→ **EXERCISE INPUT**
———
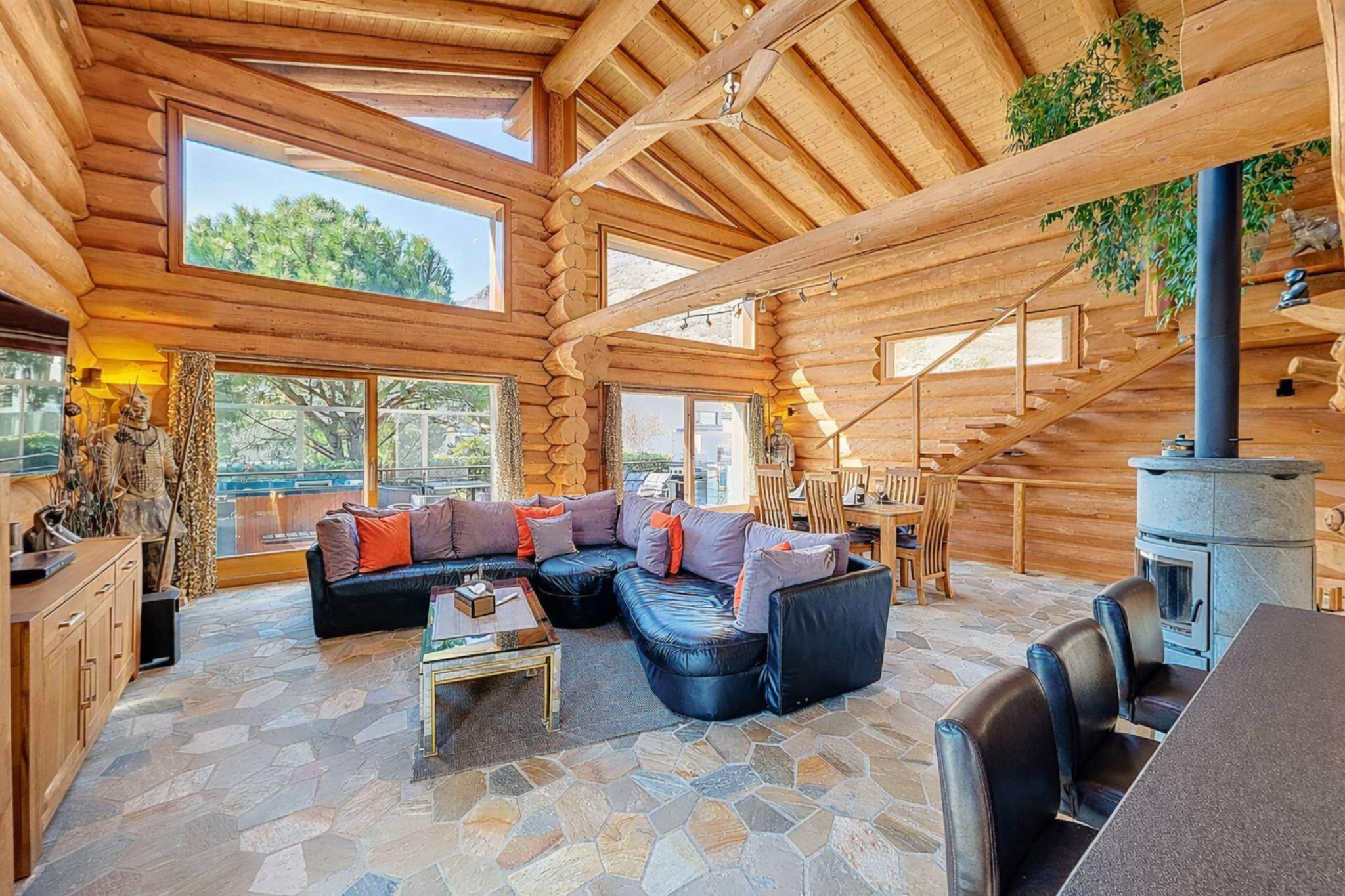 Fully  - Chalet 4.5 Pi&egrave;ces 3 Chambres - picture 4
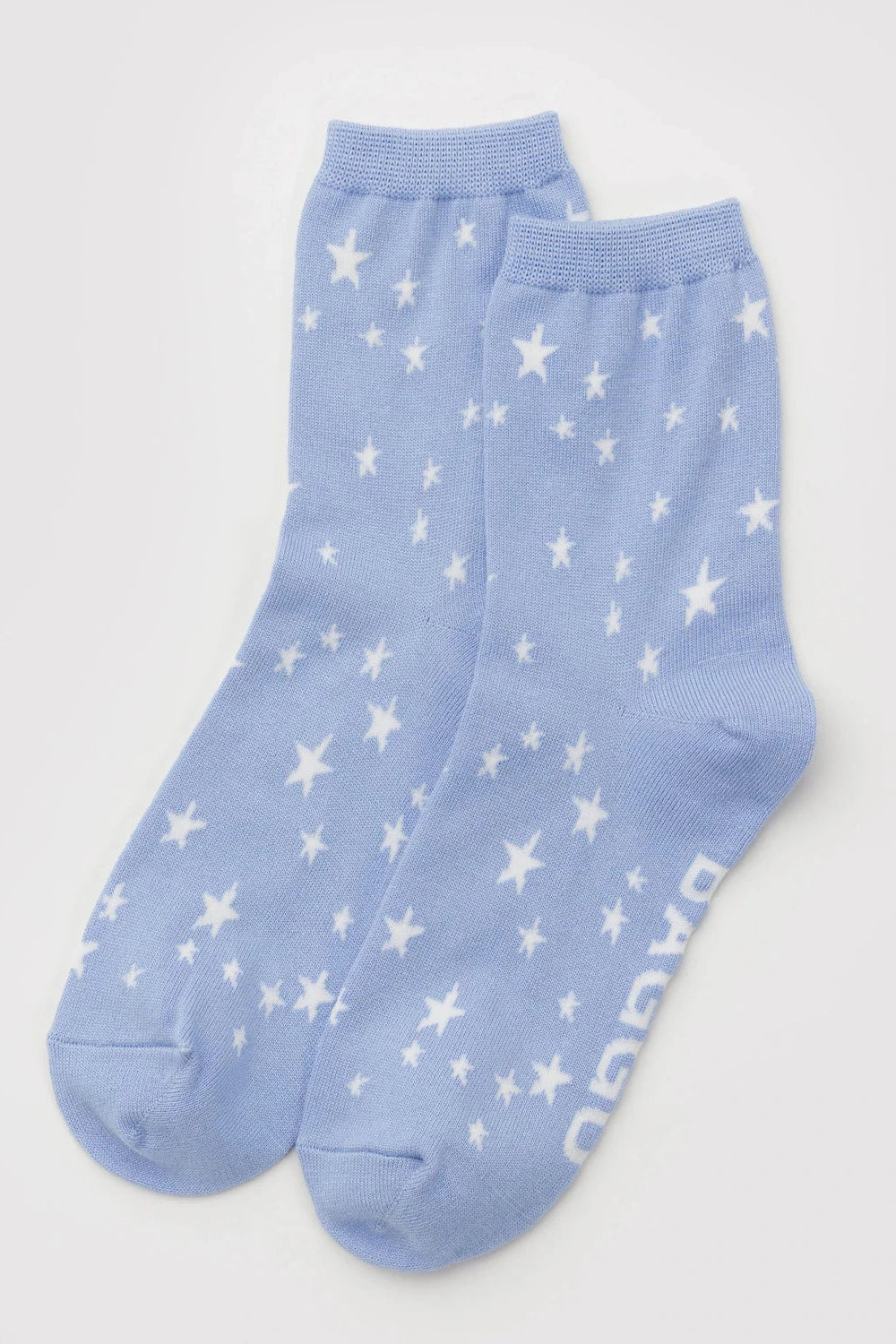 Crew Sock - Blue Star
———
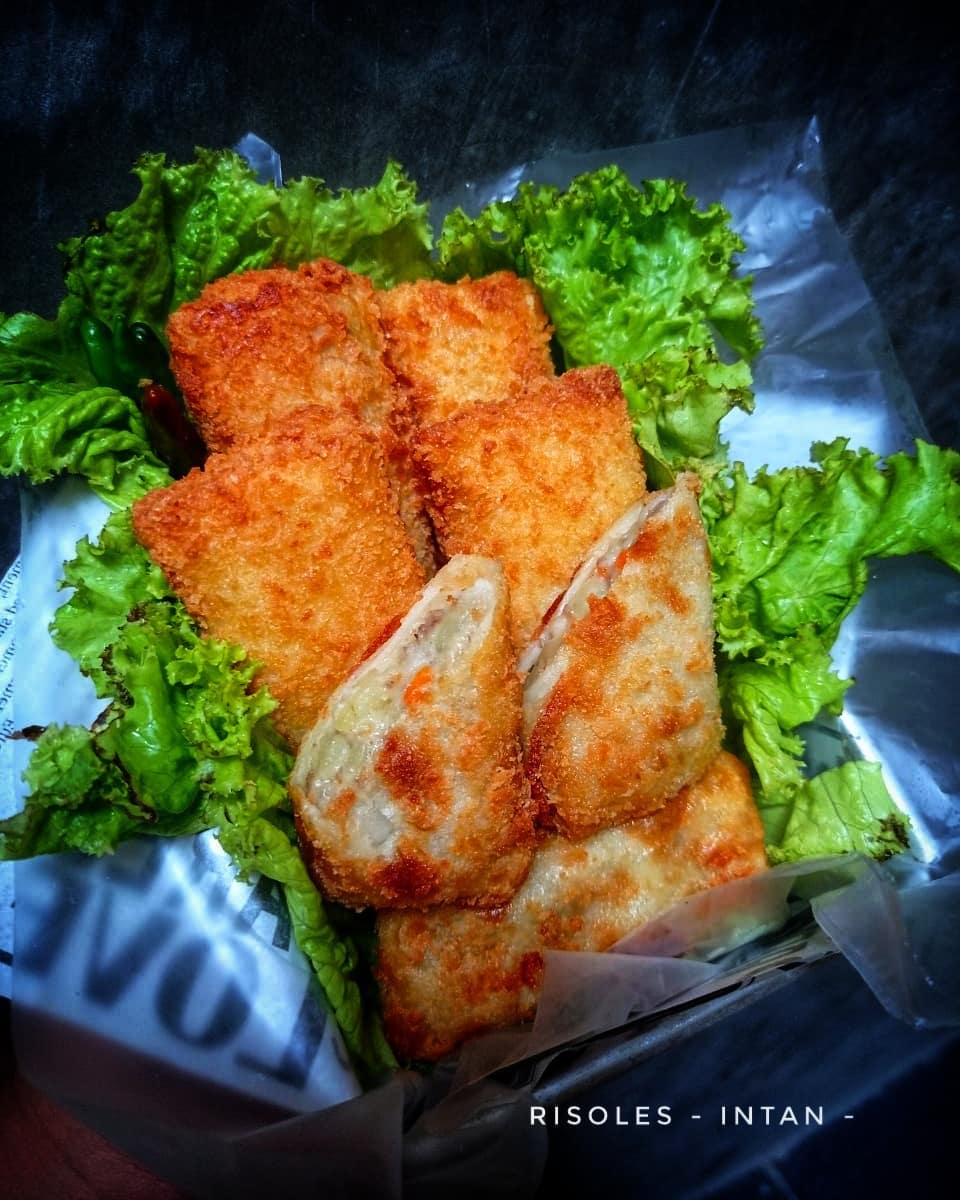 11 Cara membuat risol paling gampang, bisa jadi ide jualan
———
→ **PROBLEM**
Look back over the records above. Reproduce exactly everything from the line with "- picture 4" down to the line with "Crew Sock - Blue Star", inclusive, and leave the pictures out.

→ **RESULT FOR THIS TASK**
 Fully  - Chalet 4.5 Pi&egrave;ces 3 Chambres - picture 4
 Crew Sock - Blue Star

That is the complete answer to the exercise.